- Born: 1523 Djenné, Songhai Empire
- Died: July 7, 1593 (aged 69–70) Timbuktu
- Occupations: Philosopher, Arabic grammarian
- Father: Mahmud Bagayogo

= Mohammed Bagayogo =

Malian academic

Mohammed Bagayogo Es Sudane Al Wangari Al Timbukti (1523-1593) was a scholar from Timbuktu, Songhai Empire. Baghayogho originated from among the Juula people, who are a Mande ethnic group composed of merchants and scholars.

==History==

He was born in Djenné in 1523, the son of Qadi Mahmud Bagayogo. As a youth he attended the majlis of Aḥmad b. Muḥammad b.
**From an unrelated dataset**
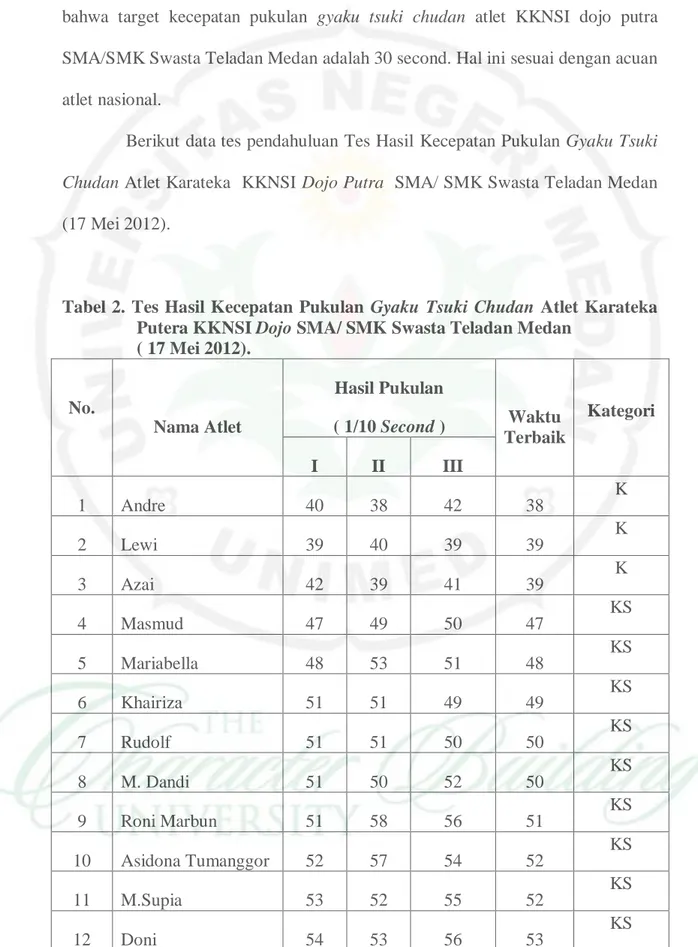 Tabel 2. Tes Hasil Kecepatan Pukulan  Gyaku  Tsuki  Chudan  Atlet Karateka  Putera KKNSI Dojo SMA/ SMK Swasta Teladan Medan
Sa’īd, where he studied the Mukhtasar, along with the Mudawwana of Sahnun and the Muwatta Imam Malik along with his brother Ahmad. When Askia Daoud asked him to become Djenne's qadi like his father, he resisted the appointment (as had his father, to Askia Ishaq I) and took shelter in the mosque with his brother for several months before escaping to Timbuktu with their teacher.

Bagayogo eventually became the Sheikh and teacher of the famous scholar Ahmed Baba at the Sankore Madrasah, one of three philosophical schools in Mali during West Africa's golden age (i.e. 12th-16th centuries); the other two were Sidi Yahya Mosque and Djinguereber Mosque. By 1583 he was a prominent enough leader that he served as de facto Qadi of Timbuktu after the death of Al-Qadi Aqib ibn Mahmud ibn Umar, issuing judgments in front of the Sidi Yahya Mosque. Bagayogo, with most of the rest of Timbuktu, backed the Balma'as rebellion against Askia Muhammad Bani in 1588, but survived the purges led by his successor Askia Ishaq II. He died on July 7, 1593, in the old town of Timbuktu.

==Legacy==

In addition to his erudition, Mohammed Bagayogo is remembered for his refusal to comply with Moroccan occupiers. A significant amount of his writing has been preserved in manuscript form at the Ahmed Baba Institute, a repository for African literature. Some of the manuscripts found their way into French museums. A project is under way to digitalise these manuscripts which will lead to better understanding of the culture that flourished in Mali in the medieval period.